My kiddo’s are extroverts, thriving in school, getting straight A’s. They got their flair and funny from me, and their brains from their dad. Their dad is extremely generous when it comes to child support. Basically, he dumps all his money in my account, lives off what he needs for rent, utilities and food. I consider my life quite idyllic now. I get to do all that I love to do, read, write and study. My kiddo’s had to learn to cook for themselves when I worked full-time, and I’m not about to change that, now that I have a good thing going. They’ve been doing their own laundry since they were tall enough to reach the knobs on the machines. I got tired of rewashing their clean clothes in their hampers, or finding all my hard work strewn across the floors of their rooms, so I learned early to let them do their own.

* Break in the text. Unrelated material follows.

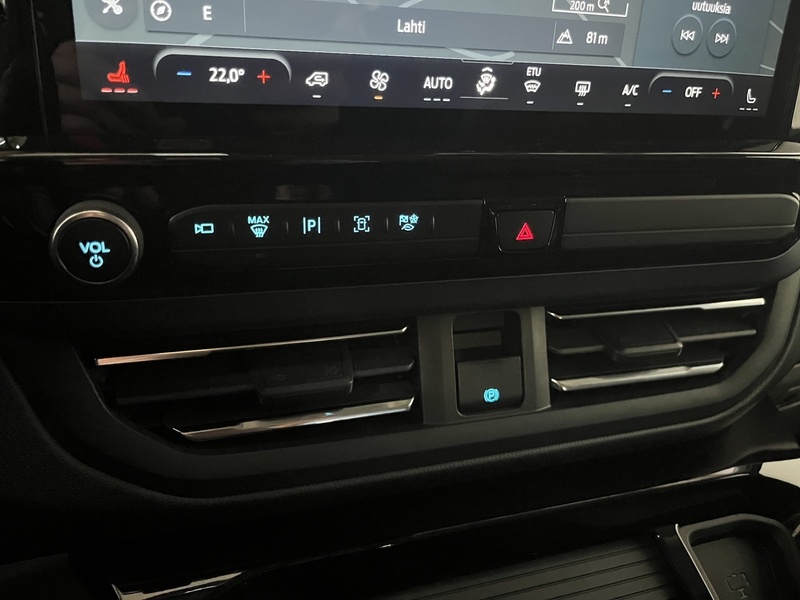 Ford Tourneo Custom vaihtoauto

My job besides being their personal chauffeur is to always be available when they want to tell me what happened at school, the latest cafeteria gossip or squabble, look at their artwork, laugh at their Snap-chats, or advise them on righteous living with lots of love and grace sprinkled in for good measure. We sing and dance together in my room, we laugh and are the best of mom and kid buddies that we can be, when I’m not taking away their devices for some infraction or infringement, like sneaking this or that. They always get caught, they should know by now that God is watching them all the time, and He finds a way to let me know when they are doing what kids do, trying to get away with as much as they can, before they lose their device for a week or so.

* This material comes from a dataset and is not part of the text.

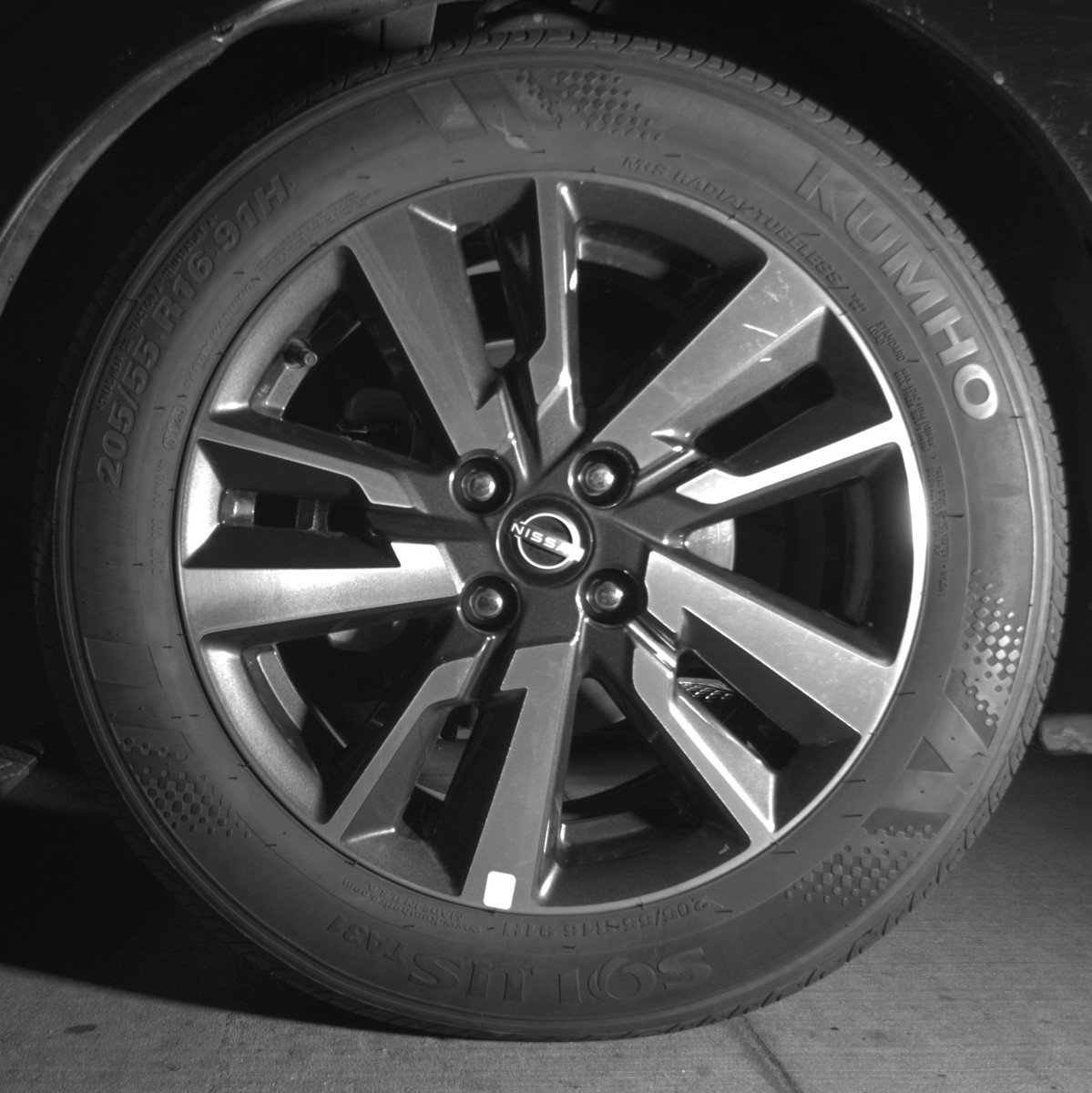 Used 2025 Nissan Versa SV image 12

How I ever managed when I had seven in the house at one time, plus a husband and four cats is simply beyond me, but compared to then, I’m living a dream life, now. So, am I extremely contented and happy beyond all imagination? Heck no, there is that one little thing that I simply must do before I leave this planet, and that is to be a lighthouse to those drowning in their seas of despair. I serve a BIG God, so if He ordained it, put the dream in my heart, stuck me in the refiner’s fire with the heat turned up seven times the normal, crushed me, humbled me to the point of horrifying embarrassment, I suppose He can use me as a vessel to change at least one person's world.

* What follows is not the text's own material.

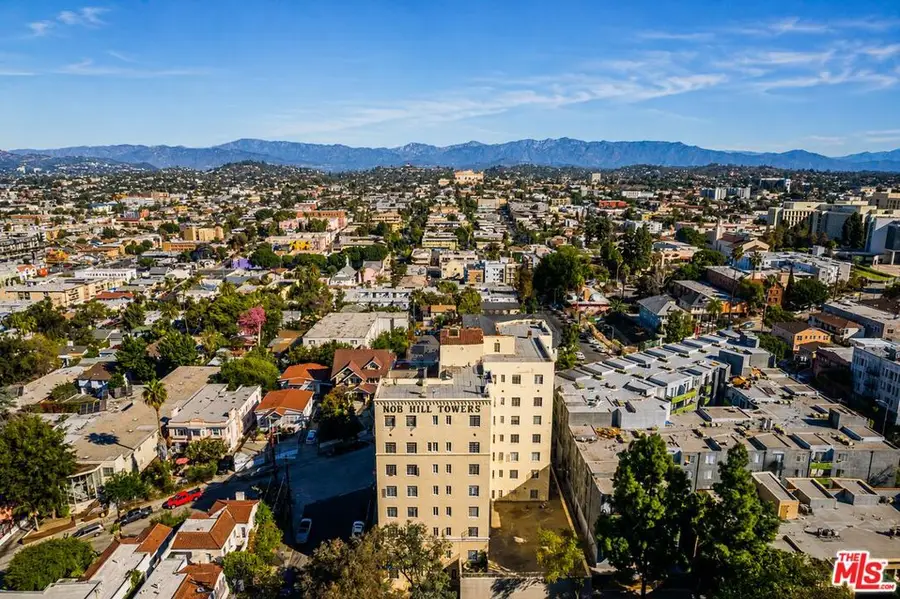 2430 Ocean View Avenue, Los Angeles, CA 90057 - #2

So, what’s the point of this particular entry in this blog? Simple, I’m here to tell you that you can live in the valley of the shadow of death for nearly three decades, drown in a sea of tears and despair, call out to our God daily, stay the heck away from vomit, and eventually, God will put you out there and fulfill the purpose for you that He had ordained since before the creation of the world. You just have to do one little four-letter word, W-A-I-T. It will come, in God’s time, in God’s way, and there is not one thing you can do to speed it up, unless you want to make a complete fool of yourself. Been there, done that. I think I’ll wait!